* Task: Somewhere below are a line with "2003 Hyundai Tiburon" and a later line with "Cinco ruedas para". Output exactly those lines and all lines between them.

Short text fragments from websites:

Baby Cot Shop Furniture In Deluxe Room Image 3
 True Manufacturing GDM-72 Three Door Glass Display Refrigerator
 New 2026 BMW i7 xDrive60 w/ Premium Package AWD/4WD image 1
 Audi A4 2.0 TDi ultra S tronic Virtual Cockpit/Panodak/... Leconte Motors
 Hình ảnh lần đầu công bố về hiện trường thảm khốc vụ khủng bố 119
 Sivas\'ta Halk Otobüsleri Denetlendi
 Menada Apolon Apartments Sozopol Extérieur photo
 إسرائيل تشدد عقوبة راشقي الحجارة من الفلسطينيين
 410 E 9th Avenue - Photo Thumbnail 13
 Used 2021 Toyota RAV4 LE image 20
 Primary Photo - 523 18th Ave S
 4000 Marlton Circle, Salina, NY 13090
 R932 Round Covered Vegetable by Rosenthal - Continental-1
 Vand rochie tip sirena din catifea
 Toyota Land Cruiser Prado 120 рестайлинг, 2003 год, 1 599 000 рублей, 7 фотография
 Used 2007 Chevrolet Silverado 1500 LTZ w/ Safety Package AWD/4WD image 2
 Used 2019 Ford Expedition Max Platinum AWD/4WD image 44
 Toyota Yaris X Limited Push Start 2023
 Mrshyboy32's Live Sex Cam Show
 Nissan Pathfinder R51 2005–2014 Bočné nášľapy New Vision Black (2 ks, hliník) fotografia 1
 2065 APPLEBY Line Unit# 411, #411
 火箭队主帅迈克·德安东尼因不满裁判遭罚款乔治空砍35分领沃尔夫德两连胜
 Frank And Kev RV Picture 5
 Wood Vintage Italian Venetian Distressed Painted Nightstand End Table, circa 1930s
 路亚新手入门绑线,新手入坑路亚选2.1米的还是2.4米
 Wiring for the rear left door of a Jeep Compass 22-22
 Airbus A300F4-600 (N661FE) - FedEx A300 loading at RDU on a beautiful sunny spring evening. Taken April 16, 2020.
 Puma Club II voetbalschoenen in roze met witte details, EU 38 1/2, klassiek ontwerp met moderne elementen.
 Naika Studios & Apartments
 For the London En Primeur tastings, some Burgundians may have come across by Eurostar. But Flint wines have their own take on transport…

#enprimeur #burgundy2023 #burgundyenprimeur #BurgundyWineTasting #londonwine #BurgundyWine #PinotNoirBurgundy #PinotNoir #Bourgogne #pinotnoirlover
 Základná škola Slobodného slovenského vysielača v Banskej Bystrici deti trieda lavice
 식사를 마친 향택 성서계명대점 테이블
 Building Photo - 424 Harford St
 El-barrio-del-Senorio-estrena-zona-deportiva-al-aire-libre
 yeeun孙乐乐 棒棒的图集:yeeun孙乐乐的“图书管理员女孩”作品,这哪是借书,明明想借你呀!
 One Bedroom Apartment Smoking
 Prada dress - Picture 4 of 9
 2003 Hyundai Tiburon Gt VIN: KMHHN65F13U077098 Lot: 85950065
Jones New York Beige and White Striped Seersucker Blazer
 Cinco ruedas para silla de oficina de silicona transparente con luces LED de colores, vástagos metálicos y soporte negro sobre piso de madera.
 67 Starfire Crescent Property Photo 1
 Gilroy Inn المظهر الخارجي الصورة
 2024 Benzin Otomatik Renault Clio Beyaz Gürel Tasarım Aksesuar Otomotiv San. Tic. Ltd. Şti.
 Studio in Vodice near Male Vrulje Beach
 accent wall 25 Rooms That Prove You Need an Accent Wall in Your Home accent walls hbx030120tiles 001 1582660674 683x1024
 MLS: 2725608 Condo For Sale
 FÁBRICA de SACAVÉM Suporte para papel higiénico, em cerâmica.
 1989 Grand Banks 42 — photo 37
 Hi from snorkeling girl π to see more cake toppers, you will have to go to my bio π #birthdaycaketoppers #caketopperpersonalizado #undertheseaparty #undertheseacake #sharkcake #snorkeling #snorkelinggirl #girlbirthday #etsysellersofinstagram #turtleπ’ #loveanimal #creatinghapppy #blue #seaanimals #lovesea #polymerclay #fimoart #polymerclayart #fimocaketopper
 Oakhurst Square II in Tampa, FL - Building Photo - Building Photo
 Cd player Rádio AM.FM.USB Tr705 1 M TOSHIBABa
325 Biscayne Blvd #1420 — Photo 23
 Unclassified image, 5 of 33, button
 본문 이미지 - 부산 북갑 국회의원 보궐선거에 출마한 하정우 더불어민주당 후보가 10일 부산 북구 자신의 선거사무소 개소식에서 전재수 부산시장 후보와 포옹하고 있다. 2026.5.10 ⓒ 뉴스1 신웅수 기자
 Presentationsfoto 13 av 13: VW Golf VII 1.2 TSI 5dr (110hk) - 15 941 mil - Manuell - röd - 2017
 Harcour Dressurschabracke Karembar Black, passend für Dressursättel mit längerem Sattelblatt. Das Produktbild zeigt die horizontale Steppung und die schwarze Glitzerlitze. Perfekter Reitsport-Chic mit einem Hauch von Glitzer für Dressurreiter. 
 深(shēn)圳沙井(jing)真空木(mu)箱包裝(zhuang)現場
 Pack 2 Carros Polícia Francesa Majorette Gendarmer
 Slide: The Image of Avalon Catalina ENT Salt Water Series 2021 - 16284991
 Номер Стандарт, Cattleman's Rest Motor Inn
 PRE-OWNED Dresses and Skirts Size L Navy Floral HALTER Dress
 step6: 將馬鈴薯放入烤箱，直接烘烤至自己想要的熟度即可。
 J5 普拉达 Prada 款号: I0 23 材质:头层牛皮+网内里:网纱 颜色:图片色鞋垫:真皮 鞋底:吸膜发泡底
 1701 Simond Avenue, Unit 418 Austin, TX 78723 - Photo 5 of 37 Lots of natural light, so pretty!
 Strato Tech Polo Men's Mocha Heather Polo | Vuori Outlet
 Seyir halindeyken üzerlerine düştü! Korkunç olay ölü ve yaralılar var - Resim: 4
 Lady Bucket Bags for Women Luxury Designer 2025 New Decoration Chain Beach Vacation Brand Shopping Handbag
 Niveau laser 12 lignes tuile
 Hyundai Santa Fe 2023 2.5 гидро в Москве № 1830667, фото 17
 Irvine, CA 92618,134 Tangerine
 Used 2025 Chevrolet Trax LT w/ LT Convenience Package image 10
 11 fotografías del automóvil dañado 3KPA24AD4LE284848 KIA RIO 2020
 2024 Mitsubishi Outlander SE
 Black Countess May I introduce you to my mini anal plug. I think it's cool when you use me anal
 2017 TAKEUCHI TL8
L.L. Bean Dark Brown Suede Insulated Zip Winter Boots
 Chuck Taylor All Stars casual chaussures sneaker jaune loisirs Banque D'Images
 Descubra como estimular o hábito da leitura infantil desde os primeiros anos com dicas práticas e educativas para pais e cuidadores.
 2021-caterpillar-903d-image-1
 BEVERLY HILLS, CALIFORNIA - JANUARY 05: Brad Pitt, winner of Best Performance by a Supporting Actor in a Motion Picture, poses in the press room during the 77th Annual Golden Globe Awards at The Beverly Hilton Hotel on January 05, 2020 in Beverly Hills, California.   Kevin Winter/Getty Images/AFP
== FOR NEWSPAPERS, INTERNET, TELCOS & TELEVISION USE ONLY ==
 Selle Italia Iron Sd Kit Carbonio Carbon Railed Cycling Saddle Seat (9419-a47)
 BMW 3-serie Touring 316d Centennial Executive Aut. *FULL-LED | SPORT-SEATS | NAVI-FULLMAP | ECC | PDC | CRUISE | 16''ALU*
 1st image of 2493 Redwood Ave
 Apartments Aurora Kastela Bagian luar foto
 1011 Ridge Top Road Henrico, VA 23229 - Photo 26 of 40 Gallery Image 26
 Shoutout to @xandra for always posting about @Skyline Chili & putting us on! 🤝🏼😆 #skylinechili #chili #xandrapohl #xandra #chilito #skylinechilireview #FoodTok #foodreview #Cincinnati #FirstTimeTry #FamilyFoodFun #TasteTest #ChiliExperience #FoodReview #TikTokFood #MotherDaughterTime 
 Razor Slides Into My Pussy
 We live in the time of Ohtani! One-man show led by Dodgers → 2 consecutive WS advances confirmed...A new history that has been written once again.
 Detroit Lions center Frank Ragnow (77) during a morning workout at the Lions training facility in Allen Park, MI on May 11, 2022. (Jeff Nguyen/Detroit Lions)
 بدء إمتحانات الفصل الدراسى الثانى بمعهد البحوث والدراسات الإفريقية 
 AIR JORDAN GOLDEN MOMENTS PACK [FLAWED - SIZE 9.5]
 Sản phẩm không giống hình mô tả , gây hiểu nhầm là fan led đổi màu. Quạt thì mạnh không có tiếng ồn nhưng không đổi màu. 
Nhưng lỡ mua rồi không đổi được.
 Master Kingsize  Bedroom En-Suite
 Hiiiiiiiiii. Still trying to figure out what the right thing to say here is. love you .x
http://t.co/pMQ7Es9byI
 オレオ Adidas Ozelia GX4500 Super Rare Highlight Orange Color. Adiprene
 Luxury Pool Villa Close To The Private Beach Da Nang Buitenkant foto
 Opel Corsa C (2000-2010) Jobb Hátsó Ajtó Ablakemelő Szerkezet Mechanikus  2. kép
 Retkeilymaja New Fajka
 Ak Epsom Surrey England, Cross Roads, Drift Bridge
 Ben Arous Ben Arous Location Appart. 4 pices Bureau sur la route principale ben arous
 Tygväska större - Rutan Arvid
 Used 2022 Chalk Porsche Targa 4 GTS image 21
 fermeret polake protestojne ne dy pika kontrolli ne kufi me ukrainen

* Task answer:
 2003 Hyundai Tiburon Gt VIN: KMHHN65F13U077098 Lot: 85950065
Jones New York Beige and White Striped Seersucker Blazer
 Cinco ruedas para silla de oficina de silicona transparente con luces LED de colores, vástagos metálicos y soporte negro sobre piso de madera.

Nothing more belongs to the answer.